Computer Engineering and Applications ›› 2024, Vol. 60 ›› Issue (11): 194-203.DOI: 10.3778/j.issn.1002-8331.2310-0302

• Graphics and Image Processing • Previous Articles     Next Articles

Semantic Segmentation Method for Remote Sensing Images Based on Improved Swin Transformer

WANG Yizhong, HU Yaqi, WU Xiaosuo, YAN Haowen, WANG Xiaocheng   

  1. 1.School of Electronic and Information Engineering, Lanzhou Jiaotong University, Lanzhou 730070, China
    2.School of Mapping and Geoinformation, Lanzhou Jiaotong University, Lanzhou 730070, China
  • Online:2024-06-01 Published:2024-05-31

基于改进Swin Transformer的遥感图像语义分割方法

王一中,胡亚琦,吴小所,闫浩文,王小成   

  1. 1.兰州交通大学 电子与信息工程学院,兰州 730070
    2.兰州交通大学 测绘与地理信息学院,兰州 730070

Abstract: Extracting accurate feature information in high-resolution remote sensing images plays an important role in urban planning as well as land resource utilization.
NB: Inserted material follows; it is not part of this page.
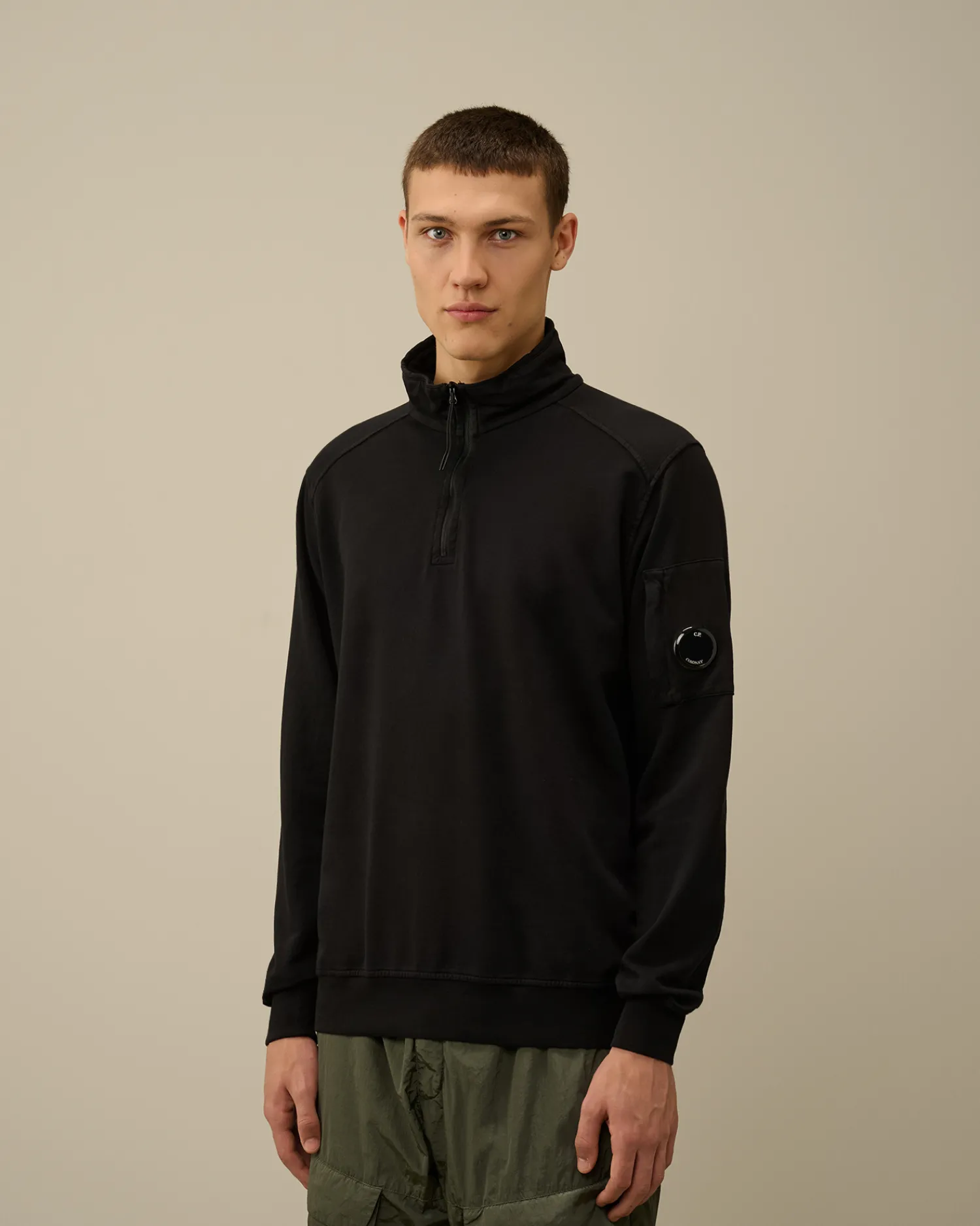 C.P. Company Felpe>Light Fleece Half Zipped Sweatshirt Black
However, remote sensing images are characterized by large scale differences between target objects and complex backgrounds, which easily lead to inaccurate extraction results, especially the low extraction accuracy for small-scale features. In order to solve these problems, this paper proposes a novel dual-coding structure to fully acquire global semantic information as well as spatial detail information, and to fuse feature information at different scales in stages to enhance the feature representation capability. The feature enhancement module (FEM) is constructed to reduce the loss of detail information in downsampling and focus on more small-scale features. In order to better refine the feature information, channel attention and kernel attention are fused and then up-sampled, which is able to integrate the local features with the corresponding global spatial dependencies and enhance the segmentation accuracy of the target object. The mIoU on Potsdam dataset and Vaihingen dataset are 86.1% and 82.4%, respectively. Comparative analysis with popular semantic segmentation models shows that the method in this paper can effectively solve the problem of inaccurate segmentation of small- and medium-scale objects in remote sensing images, and it is suitable for dealing with the task of semantic segmentation of remote sensing images.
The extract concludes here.